Incident at Castle Martin 14-06-2017

To draw a parallel to antiquity, you might stand a better, short term and personal, chance if you break a shield wall to strike at an enemy, but you'd be trained not to because it would put your mates at unacceptable risk.
And yet Roman sources are full of stories of people doing exactly that, and being praised for it (Centurions Vorenus and Pullo as an example). When you look at the citations for gallantry awards to junior commanders most of them are for things that would have earned them a fail if they tried them on a command appointment at Brecon.
 
Regardless of Caecilius cowboy attitude, the regulations are there to be adhered to, big timing it gets people killed.
 
Given that you haven't faced incoming fire from opposing armour
On that score I’d bet we’re even-stevens.
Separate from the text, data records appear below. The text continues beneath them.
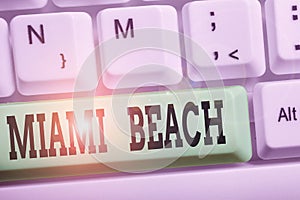 Handwriting text writing Miami Beach. Concept meaning the coastal resort city in MiamiDade County of Florida White pc photo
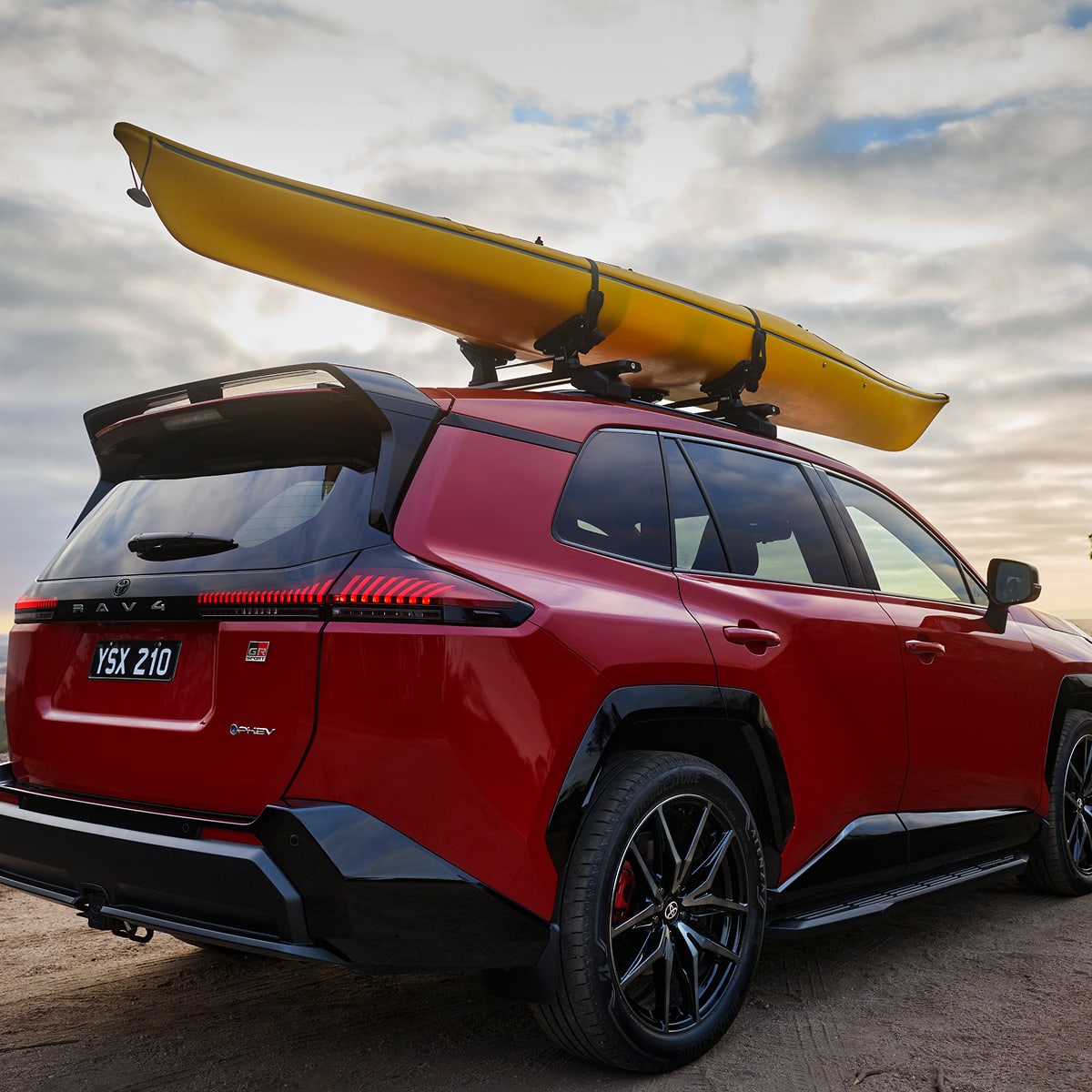 Toyota RAV4 GR Sport PHEV AWD exterior front three-quarter view'
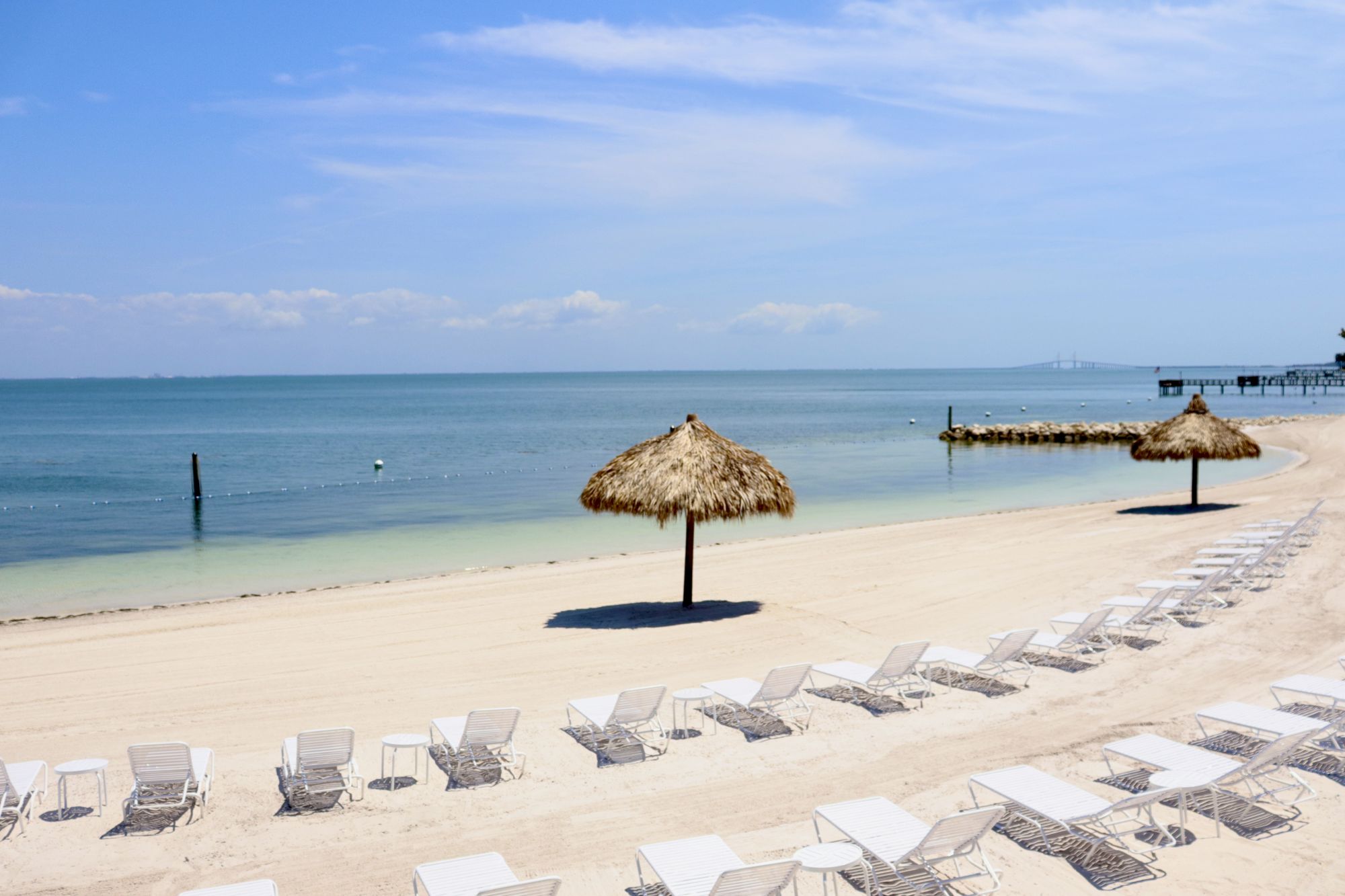 A sunny beach with white sand, lounge chairs, and thatched umbrellas beside calm blue water, with a pier extending into the sea.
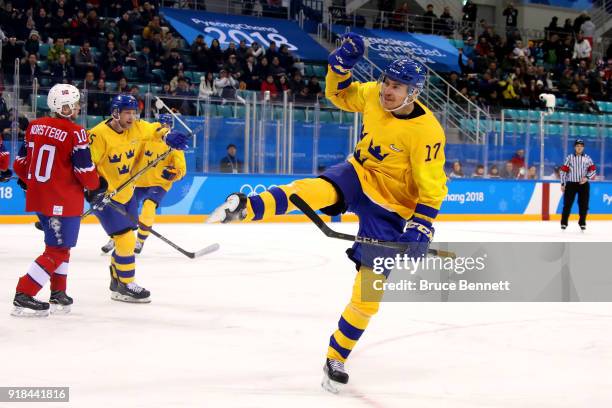 Par Lindholm of Sweden celebrates after scoring the opening goal during the Men's Ice Hockey Preliminary Round Group C game between Norway and Sweden...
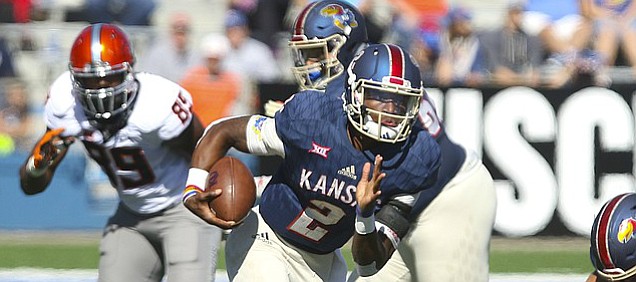 Kansas quarterback Montell Cozart (2) takes off on a run during the second quarter on Saturday, Oct. 22, 2016 at Memorial Stadium.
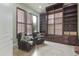 Home office with built-in bookshelves, comfortable seating, and plantation shutters at 8146 E Wingspan Way, Scottsdale, AZ 85255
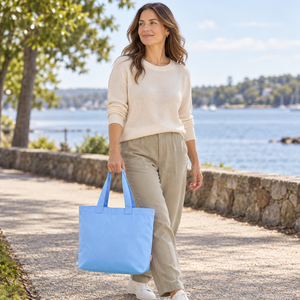 Woman carrying a Hydrangea Comfort Colors CCET0 Everyday Tote on a waterfront walk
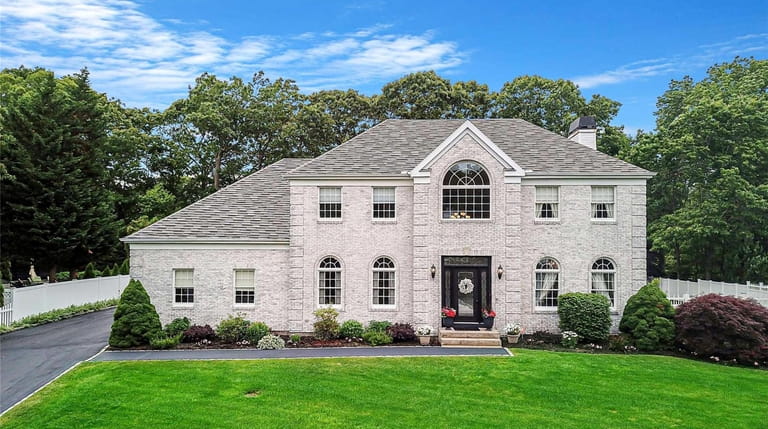 Listed for $1.125 million, this five-bedroom, 3½-bath Colonial at 20...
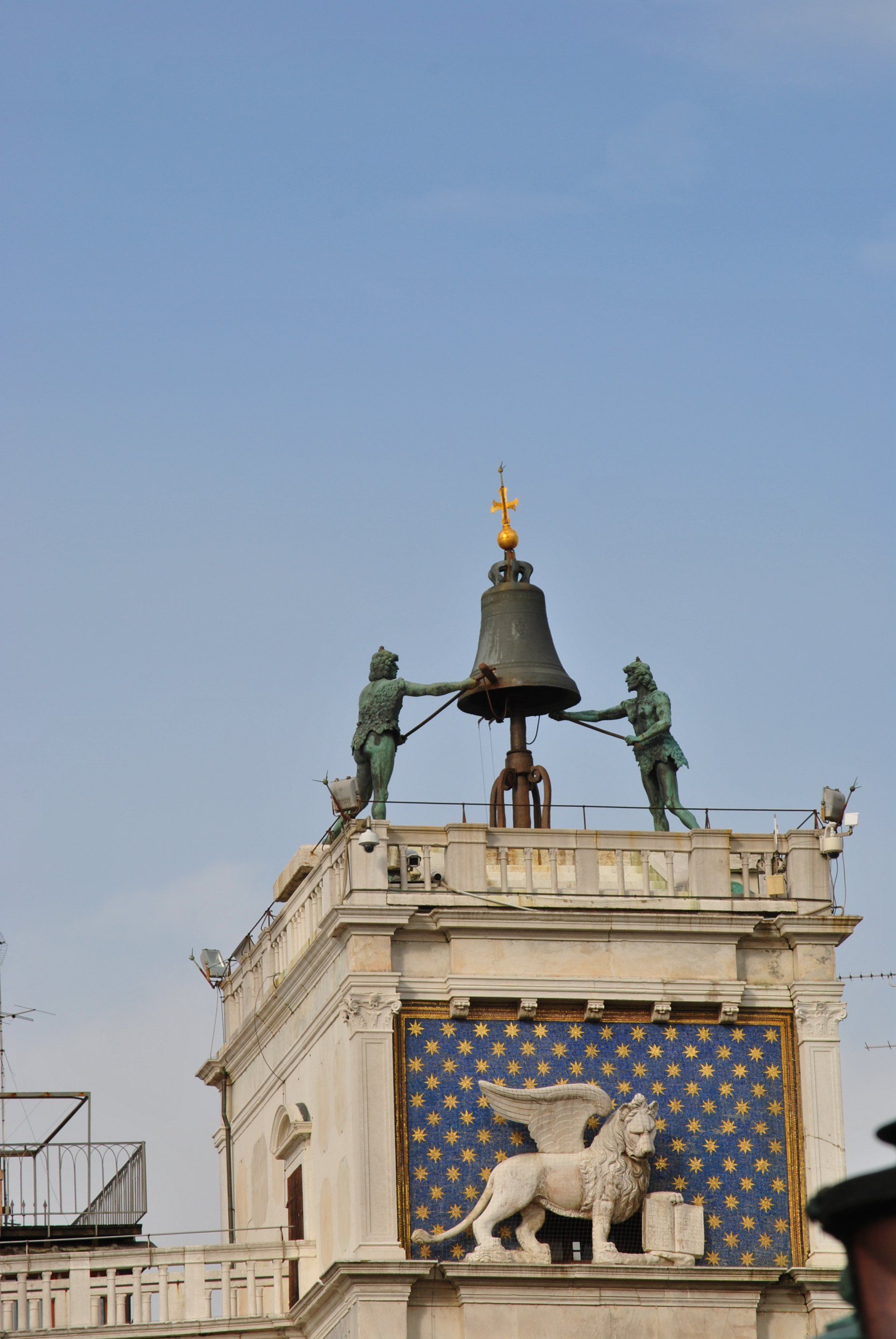 A statue of a lion holding a bell on top of a building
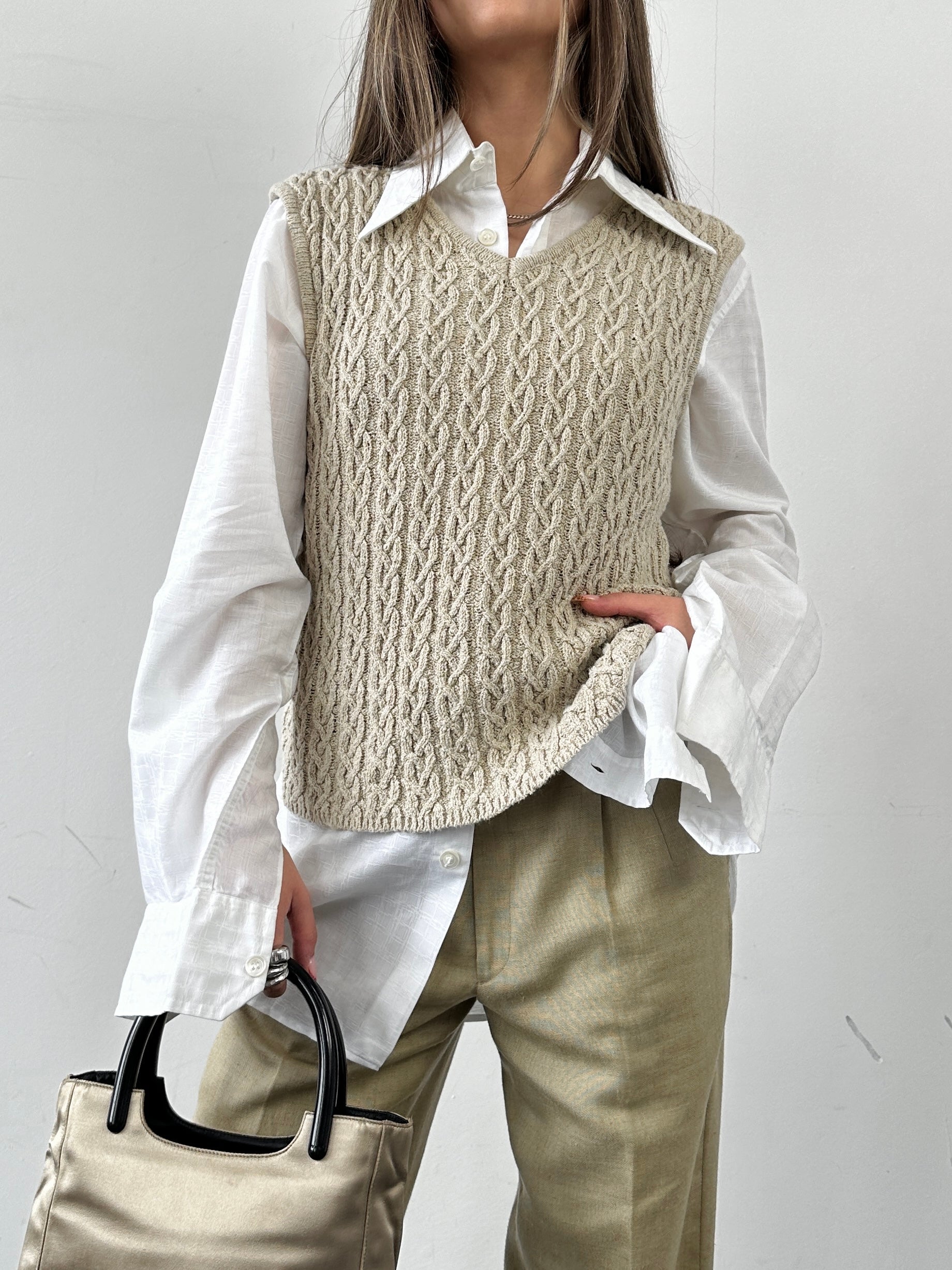 Vintage cotton Aran knit vest in size S/M, featuring textured cream-colored knit with a classic, cozy design.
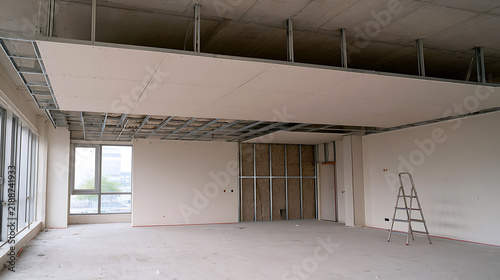 Commercial office interior space under construction with metal frame false ceiling structure drywall partitions and step ladder in empty room
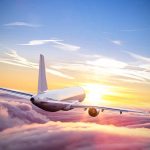 Airplane flying above clouds during sunset sky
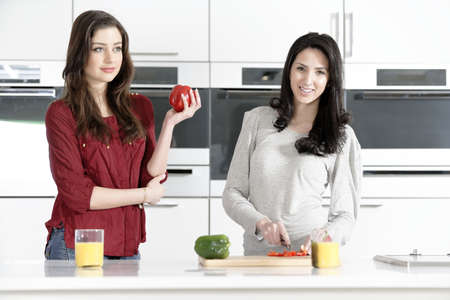 Two attractive young women preparing food in a white kitchen while talking.の写真素材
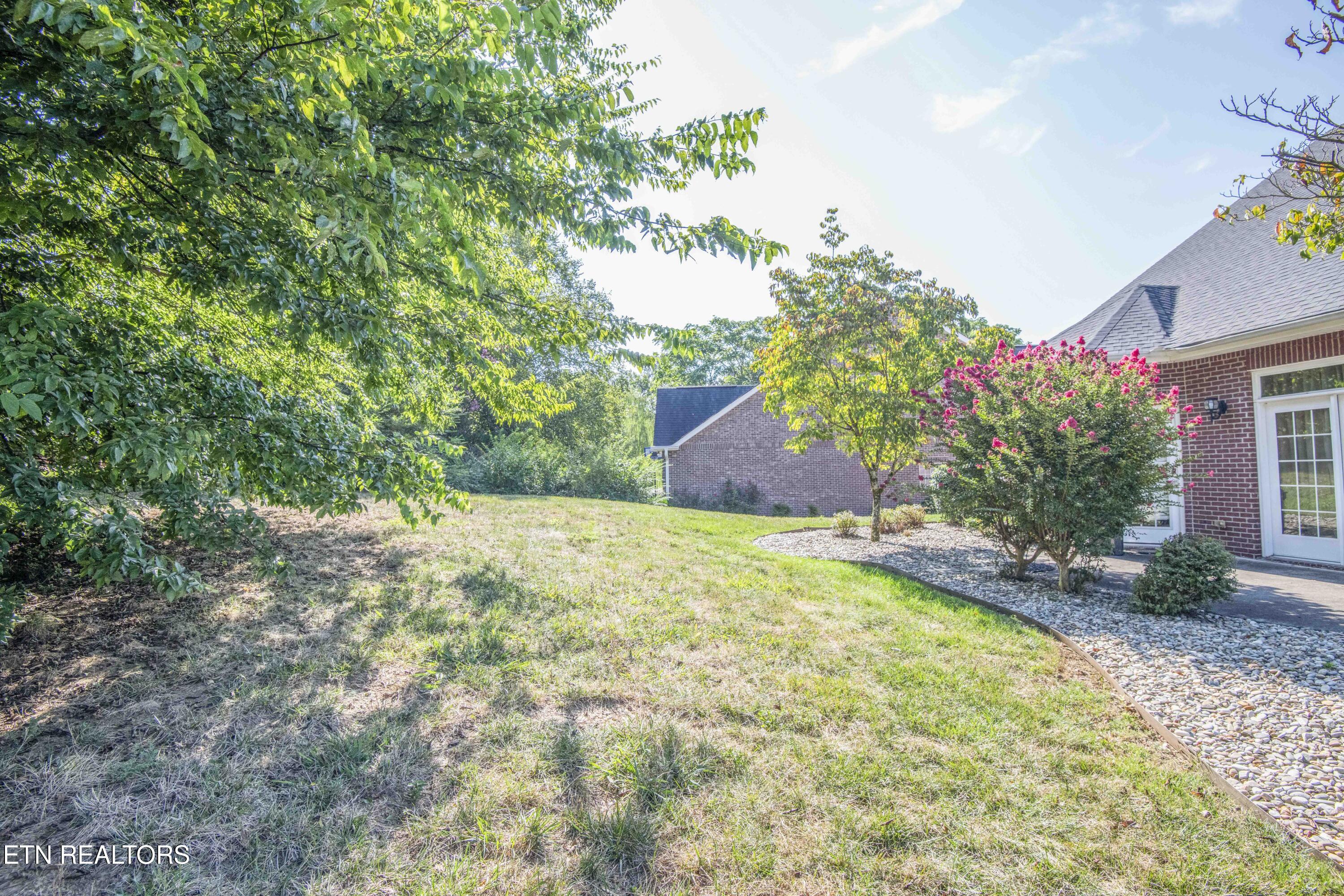 119 Waterston Way Clinton, TN 37716 - Photo 8 of 38 Back patio and yard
Unless you’re kidding on that your local local Afghan warlord stumped up enough dosh to import a fleet of modern MBTs into the sandpit you were playing in when you did your HERRICK, undetected by the press corps of the western world, and you just happened to have a spare Chally 2 in your black bag kit :-D

That's the second time you've accused people of flapping because they've decided to return fire faster.
No.

It was not.

But it was the second time (this makes it three times) that I have pointed out that you stupidly keep picking up on a “No Shit There We Was Thought We Was All Gonna Die” war-story/NAAFI bar-room dit/internet rumour that has all the authority of a Commando Comic cartoon strip, and argued that it trumps all your training and sets a precedent for breaching important operational on the basis of “It’s OK - I heard a rumour some bloke did it in a war, once upon a time".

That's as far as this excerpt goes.